Cemetery Pizza

Cemetery Pizza

David Venable

Prep Time: 3 minutes

Serves: 4

Ingredients

  • 8 oz white button mushrooms
  • 3 Tbsp butter
  • 1/2 tsp salt
  • 1/4 lb bulk Italian sausage
  • 1/4 cup grated parmesan
  • 1/4 cup parsley
  • 13.8 oz tube of store-bought pizza crust
  • 2 Tbsp olive oil
  • 1 cup grated mozzarella
  • 1/4 cup sliced black olives, cut into halves
  • 1 oz balsamic glaze
  • Potato chips for garnish

Preparation

For the mushroom skulls, trim the stalk down to about half an inch with a paring knife.

Using something dull but pointy, like a toothpick or pair of tweezers, cut vertical lines on the stalk all the way around. These will be the teeth.

Cut each mushroom in half and lay each halve cut side down. Cut two small slits into each for the nose.
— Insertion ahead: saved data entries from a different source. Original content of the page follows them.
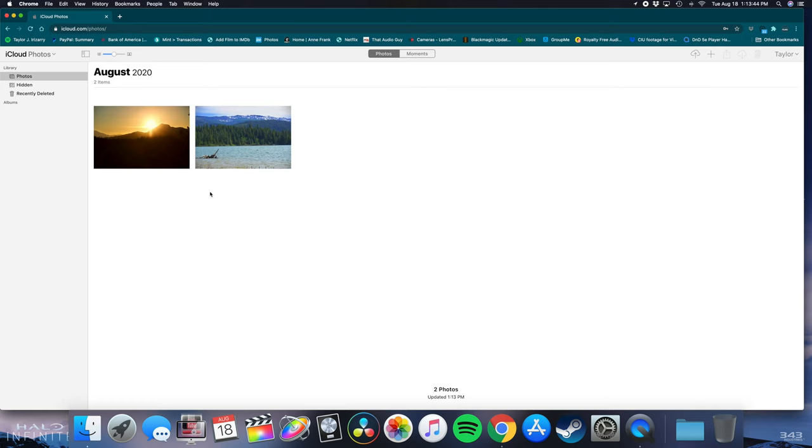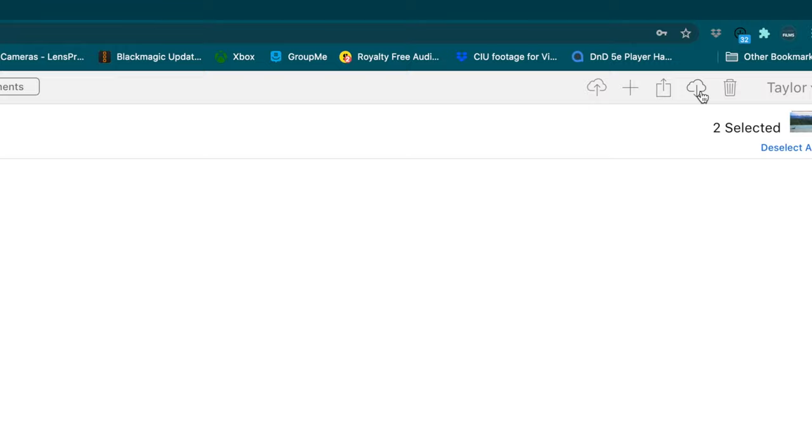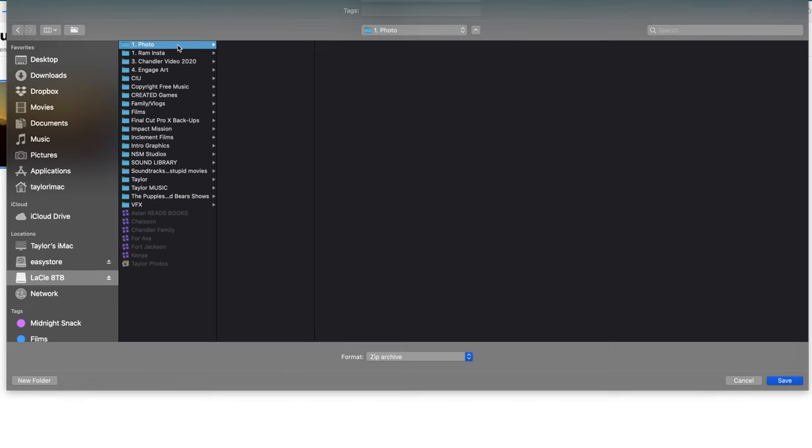Go to the right corner, click the download cloud. Go to your external hard drive, put them inside of a folder and you should be good.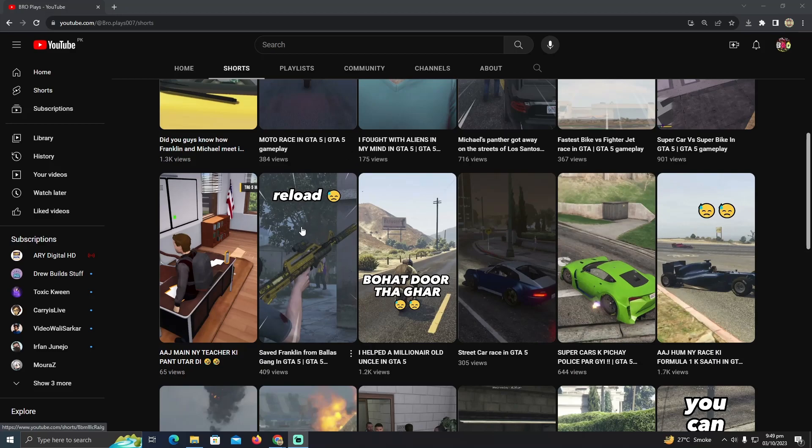So that's pretty much it. That's how you can target the United States audience in YouTube shorts.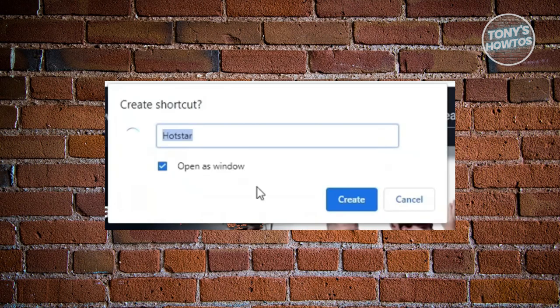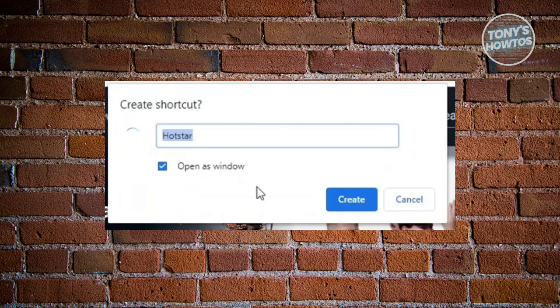And now you'll see this pop up here, which in this case, you just need to indicate the name of Hotstar here and make sure that you set this as open as window and hit on create.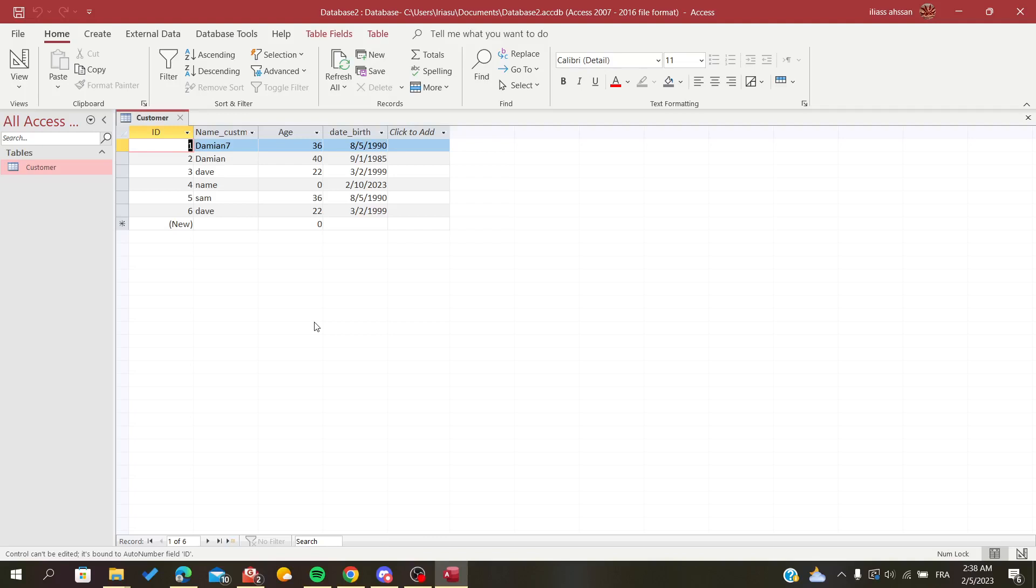Hello everyone, in today's tutorial I will show you how to add a calculated field to your database on Microsoft Office Access. The first thing you have to do is open your Access database and follow the steps.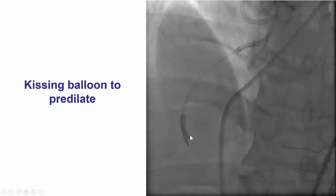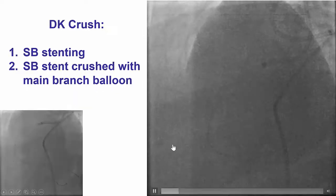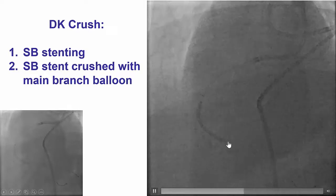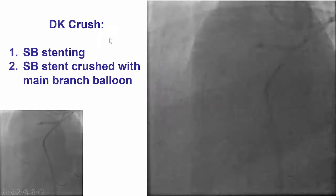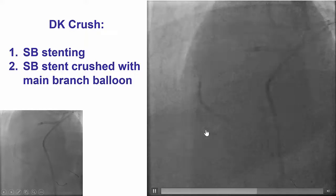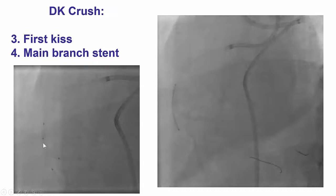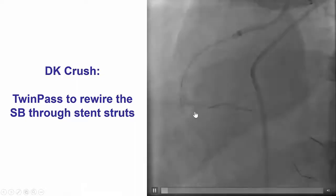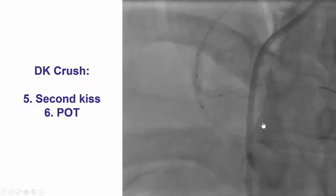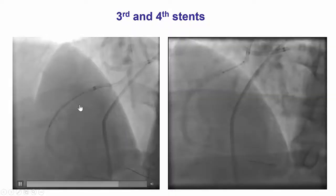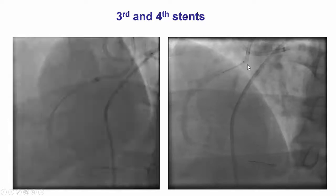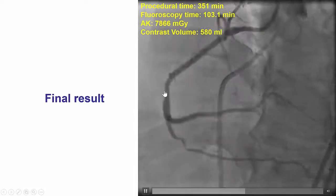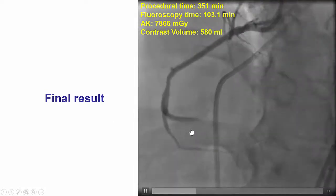Given that we had an important bifurcation with subintimal dissection on both sides, we decided to use an upfront two-stent strategy. We pre-dilated both branches, then deployed a stent into the posterolateral vessel using the DK crush technique, crushing the stent with a balloon in the main vessel. We then rewired and did the first KISS inflation, inserted a second stent into the PDA, deployed it, used the Twin Pass Torque microcatheter to wire back into the posterolateral, and then performed the KISS balloon inflation as well as proximal vessel optimization. We placed additional stents in the mid and proximal right coronary artery all the way to the ostium, and were finally able to achieve a nice result with TIMI flow in both the PDA and the right posterolateral.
To make the eye sockets, poke two holes with a straw equally spaced above the nose. Twisting as you pull out should help to leave a hollow socket.

Heat butter over medium heat in a large pan. Add the mushroom skulls and salt and cook gently, stirring often, until mushrooms have lightly browned and shrank noticeably. About 3 to 5 minutes.
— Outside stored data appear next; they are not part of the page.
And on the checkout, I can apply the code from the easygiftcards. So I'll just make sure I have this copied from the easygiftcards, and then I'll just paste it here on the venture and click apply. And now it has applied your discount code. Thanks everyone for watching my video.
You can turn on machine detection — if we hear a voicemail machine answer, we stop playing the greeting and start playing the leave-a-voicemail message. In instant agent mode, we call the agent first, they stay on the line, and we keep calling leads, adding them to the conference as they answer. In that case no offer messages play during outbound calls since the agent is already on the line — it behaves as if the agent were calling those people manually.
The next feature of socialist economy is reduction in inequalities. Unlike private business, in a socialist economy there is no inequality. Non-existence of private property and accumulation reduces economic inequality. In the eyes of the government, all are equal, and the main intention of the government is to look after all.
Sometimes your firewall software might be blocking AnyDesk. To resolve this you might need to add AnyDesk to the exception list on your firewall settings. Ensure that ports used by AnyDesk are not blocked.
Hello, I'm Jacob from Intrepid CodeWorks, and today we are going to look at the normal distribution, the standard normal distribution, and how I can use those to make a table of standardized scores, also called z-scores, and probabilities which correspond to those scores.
Drain on a paper towel and set aside to cool.

Wipe out the pan and set back over medium heat. Add the Italian sausage and break up into fine crumbles with a wooden spoon.

Allow to cook, adding a touch of oil, if necessary, until the sausage is cooked and has begun to crisp.
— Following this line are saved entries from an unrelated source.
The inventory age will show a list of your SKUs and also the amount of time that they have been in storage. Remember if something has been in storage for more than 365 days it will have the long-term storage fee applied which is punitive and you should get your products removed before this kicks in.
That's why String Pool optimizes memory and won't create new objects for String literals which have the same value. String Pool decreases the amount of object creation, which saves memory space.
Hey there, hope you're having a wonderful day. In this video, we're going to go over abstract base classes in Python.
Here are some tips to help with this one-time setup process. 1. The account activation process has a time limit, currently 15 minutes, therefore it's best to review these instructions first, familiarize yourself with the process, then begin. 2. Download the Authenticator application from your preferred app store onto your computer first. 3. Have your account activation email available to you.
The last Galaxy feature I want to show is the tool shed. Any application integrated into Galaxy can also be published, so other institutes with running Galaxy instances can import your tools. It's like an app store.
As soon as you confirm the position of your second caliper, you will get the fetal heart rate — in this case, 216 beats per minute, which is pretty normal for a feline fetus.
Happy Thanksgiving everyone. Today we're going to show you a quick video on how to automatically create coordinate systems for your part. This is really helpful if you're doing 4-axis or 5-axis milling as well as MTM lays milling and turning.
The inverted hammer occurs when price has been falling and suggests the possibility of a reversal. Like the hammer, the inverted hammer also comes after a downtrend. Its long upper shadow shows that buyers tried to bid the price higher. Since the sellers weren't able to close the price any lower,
Turn off the heat and set aside.

Add grated parmesan and parsley to a food processor and pulse until the parsley is very finely chopped and incorporated into the cheese. Set aside.

Line a sheet tray with parchment paper and lightly dust with flour.

Pop open the tube of pizza dough and stretch out into an even rectangle onto the sheet tray.

Before assembling your pizza, prebake the crust with no topping in a 400 degree oven for 10 minutes or until lightly golden brown. Drizzle the crust with olive oil and sprinkle over an even layer of mozzarella.

Next, dust the pizza with your parsley-parmesan “grass”, and create several piles of “dirt” with the cooked Italian sausage. Arrange your mushroom skulls face side up and add the black olives in between the mushrooms. Put back in the oven for 6 to 8 more minutes or until the crust is fully baked and the cheese is bubbling and lightly browned.

Drizzle with balsamic glaze and arrange the potato chips as tombstones around the pizza graveyard.

Cut into even slices and enjoy.

Cook's Notes

Use a melon baller or a metal 1/8 teaspoon measure to scoop out bigger eyes for your mushroom skulls if you prefer.